| PROBLEM TO SOLVE |
Would you write out the full listing exactly, without any pictures?

| DATA BELOW |

Content starts

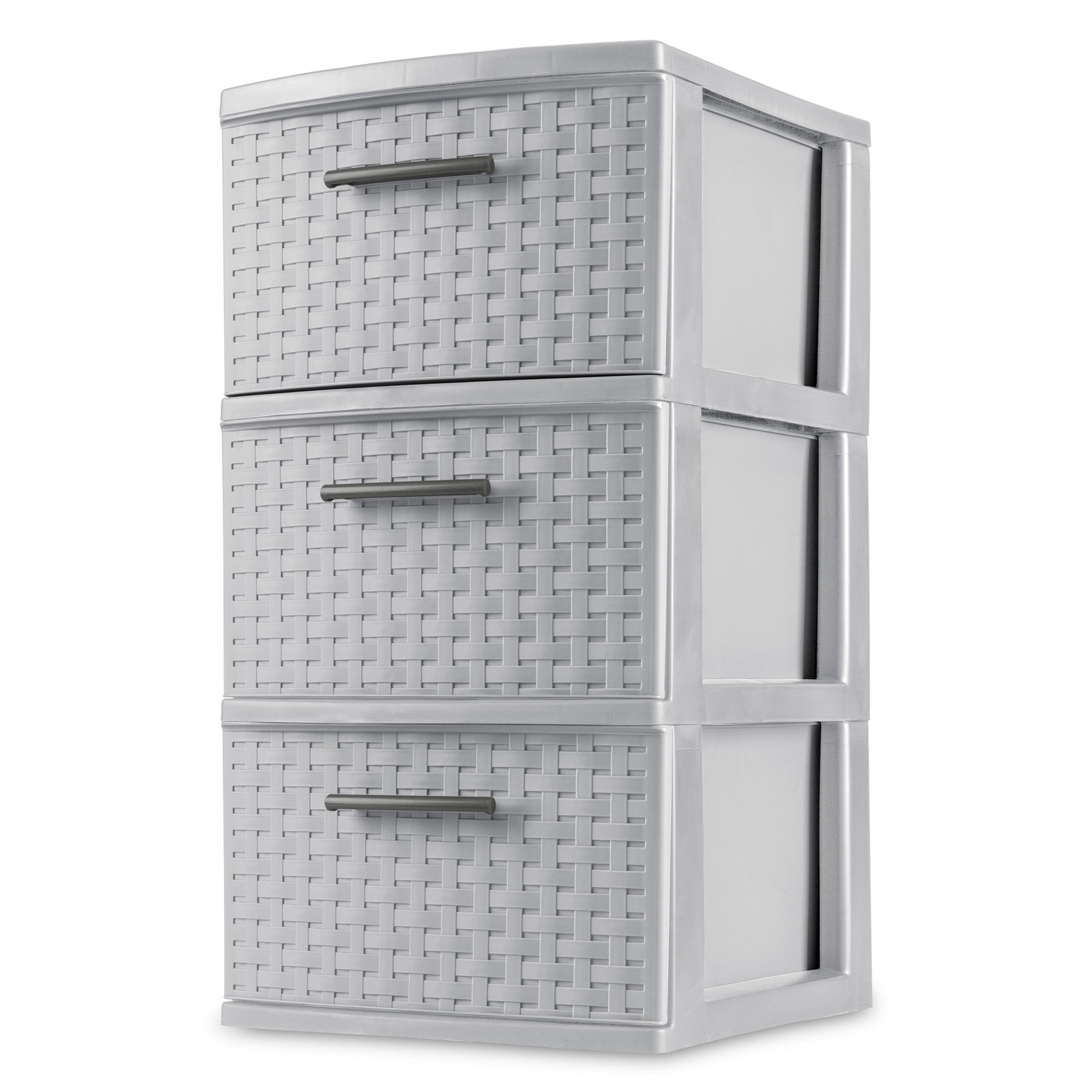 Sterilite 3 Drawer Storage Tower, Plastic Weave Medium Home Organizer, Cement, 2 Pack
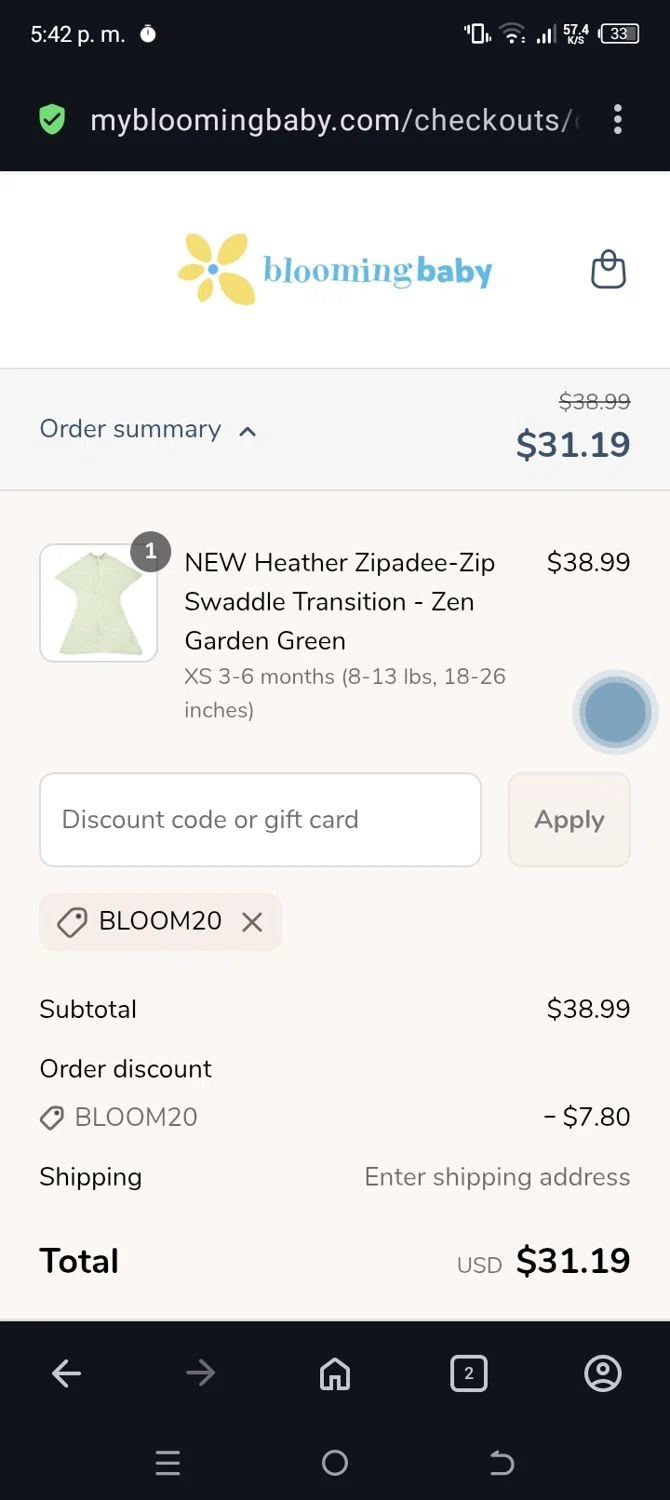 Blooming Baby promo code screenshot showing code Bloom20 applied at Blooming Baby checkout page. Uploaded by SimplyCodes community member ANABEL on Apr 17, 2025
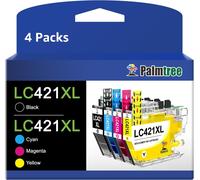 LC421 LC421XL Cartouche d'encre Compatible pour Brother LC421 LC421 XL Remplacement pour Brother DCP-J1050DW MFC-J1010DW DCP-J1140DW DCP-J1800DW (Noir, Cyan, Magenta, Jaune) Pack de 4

Content ends

| ANSWER TO THE PROBLEM |
 Sterilite 3 Drawer Storage Tower, Plastic Weave Medium Home Organizer, Cement, 2 Pack
 Blooming Baby promo code screenshot showing code Bloom20 applied at Blooming Baby checkout page. Uploaded by SimplyCodes community member ANABEL on Apr 17, 2025
 LC421 LC421XL Cartouche d'encre Compatible pour Brother LC421 LC421 XL Remplacement pour Brother DCP-J1050DW MFC-J1010DW DCP-J1140DW DCP-J1800DW (Noir, Cyan, Magenta, Jaune) Pack de 4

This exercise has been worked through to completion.